Proud by Kim Kuk Po, 2002. Courtesy Nicholas Bonner. As reproduced in Printed in North Korea: The Art of Everyday Life in the DPRK

The Korean war may have split the country - but it helped shape its two art scenes

On the anniversary of the armistice, we examine how conflict and military influence changed North and South Korean art

The Korean War’s final shots were fired 67 years ago today, on 27 July 1953. However, as our books on the art and culture of the Korean peninsula explain, that war footing never truly disappeared. “The armistice marked the cessation of hostilities but not the end of the war, resulting in the division of the once sovereign peninsula into South Korea and North Korea,” explains the text in our new book, Korean Art from 1953: Collision, Innovation, Interaction.

North and South Korea remain military foes, extending the region’s period of conflict far beyond that brief hot war, which lasted from 1950 until 1953; and, while much of the Western world is familiar with this mid-century battle, many might not be aware of the country’s earlier invasion.

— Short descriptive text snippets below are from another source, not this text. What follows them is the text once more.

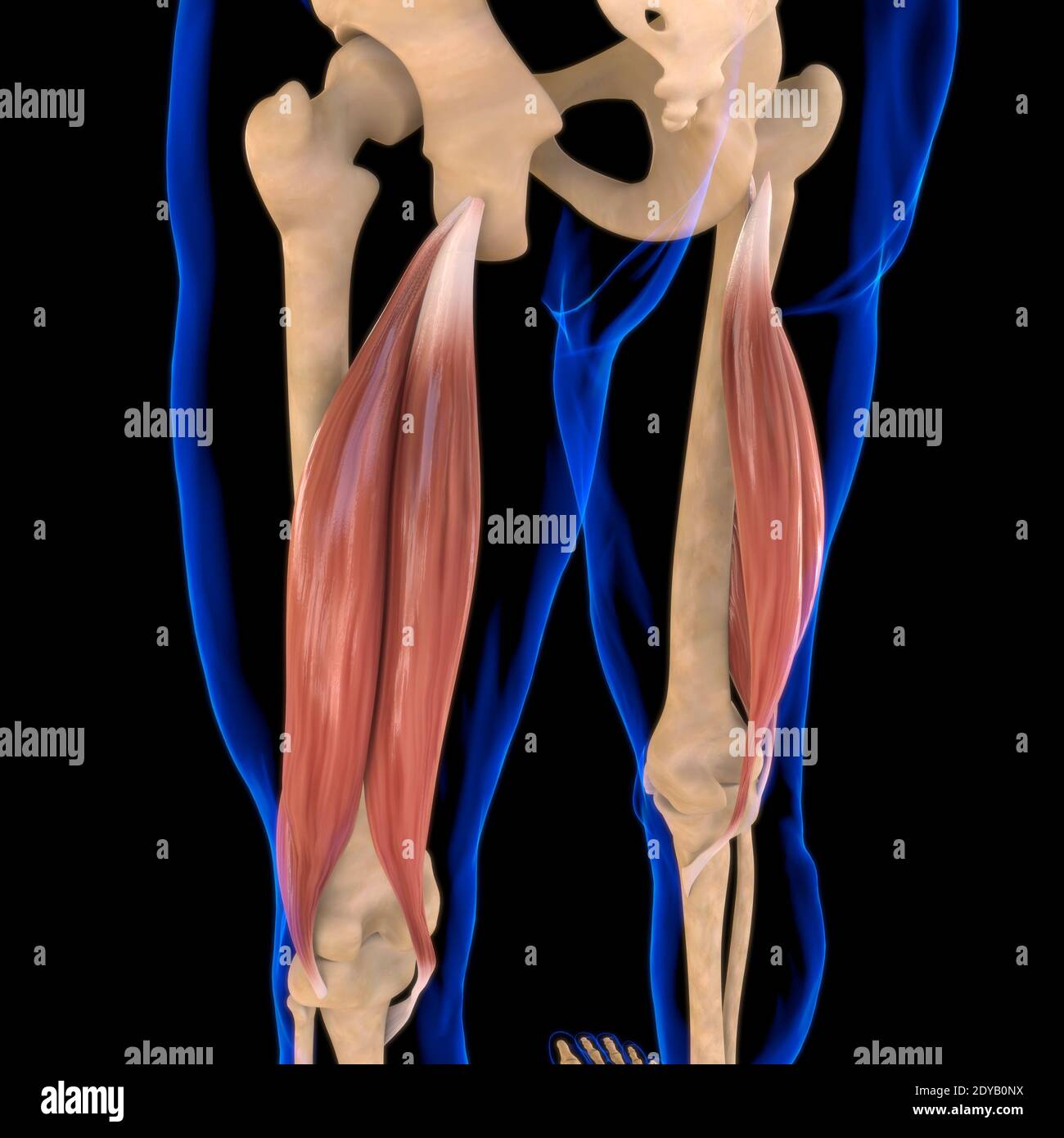 Illustrazione 3D, muscolo è un tessuto molle, le cellule muscolari contengono proteine, producendo una contrazione che cambia sia la lunghezza che la forma del ce Foto Stock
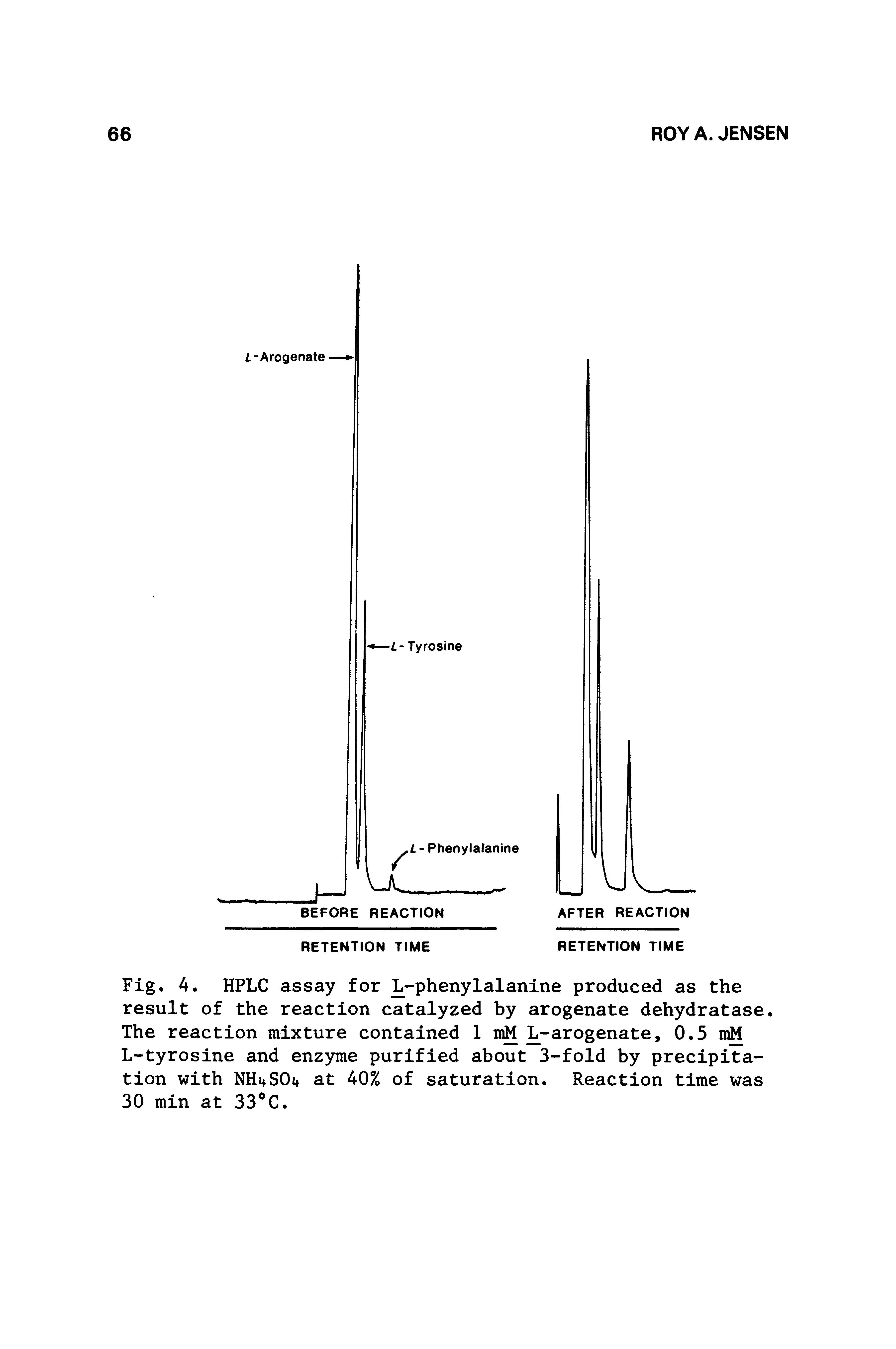 Fig. 4. HPLC assay for L-phenylalanine produced as the result of the reaction catalyzed by arogenate dehydratase. The reaction mixture contained 1 ir L-arogenate, 0.5 nM L-tyrosine and enzyme purified about 3-fold by precipitation with NHi+SOi at 40% of saturation. Reaction time was 30 min at 33 C.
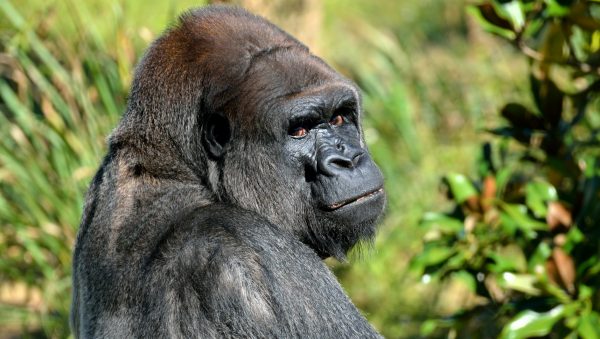 gorillaselfie viral Virunga-park Congo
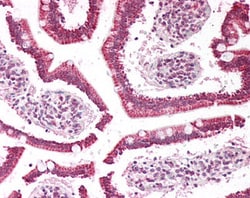 Invitrogen PLA2G2A Polyclonal Antibody 100 &mu;g; Unconjugated:Antibodies,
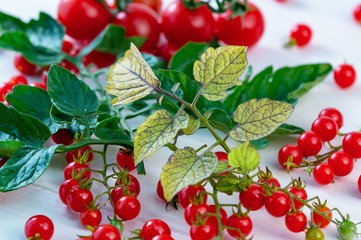 various tomatoes and plant Disease,Tomato plant with Tomato yellow leaf curl virus. a single leaf of tomato damaged by disease. Fresh ripe tomato. natural raw fruits close up.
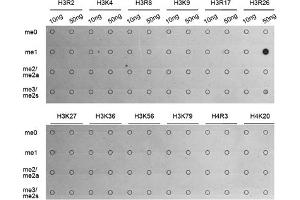 Dot-blot analysis of various methylation peptides using Monomethyl-Histone H3-R26 antibody (ABIN5969833). (Histone 3 antibody  (H3R26me))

Our new book goes on to explain that, prior to its division in 1950, Korea “was seized by the Japanese Empire in 1910. When the thirty-five-year Japanese occupation ended in 1945, the Korean peninsula became a stage for Cold War frictions between the superpowers.”

Left-wing totalitarianism triumphed in the North, leading to a highly distinct style of art and design.  As the British-born collector and North Korea expert Nicholas Bonner outlines in his book on the country’s distinctive graphic design, packaging and cultural ephemera, Made in North Korea: Graphics From Everyday Life in the DPRK, “there is almost no Western-style advertising in North Korea – and what little exists is habitually referred to as ‘promotion’. Backlit panels that elsewhere push shampoo and carbonated drinks have been used in Pyongyang from 2006 to illuminate propaganda posters – different message, same medium.”

 

Untitled by Kyong Sik, 1988. As reproduced in Printed in North Korea: The Art of Everyday Life in the DPRK
Untitled by Kyong Sik, 1988. As reproduced in Printed in North Korea: The Art of Everyday Life in the DPRK

Instead a charming, antique-looking, often hand-rendered style of image making thrives in the North, a country isolated by its dictatorial government, which focusses cultural energies towards its survival. In Bonner’s subsequent book, Printed in North Korea: The Art of Everyday Life in the DPRK, Koen De Ceuster, a lecturer in Korean studies writes that “ North Korea has no qualms about admitting that art and culture are an explicit part of an elaborate propaganda system.”

 

Toy gun box, as reproduced in Made in North Korea: Graphics From Everyday Life in the DPRK
Toy gun box, as reproduced in Made in North Korea: Graphics From Everyday Life in the DPRK

“Rather than the private life or emotions of a single individual, the focus is on the emotional power that stems from the camaraderie among partisan fighters, steelworkers and farmers as they join forces to chase production targets, improve harvest yields or clean up the neighbourhood,” De Ceuster writes.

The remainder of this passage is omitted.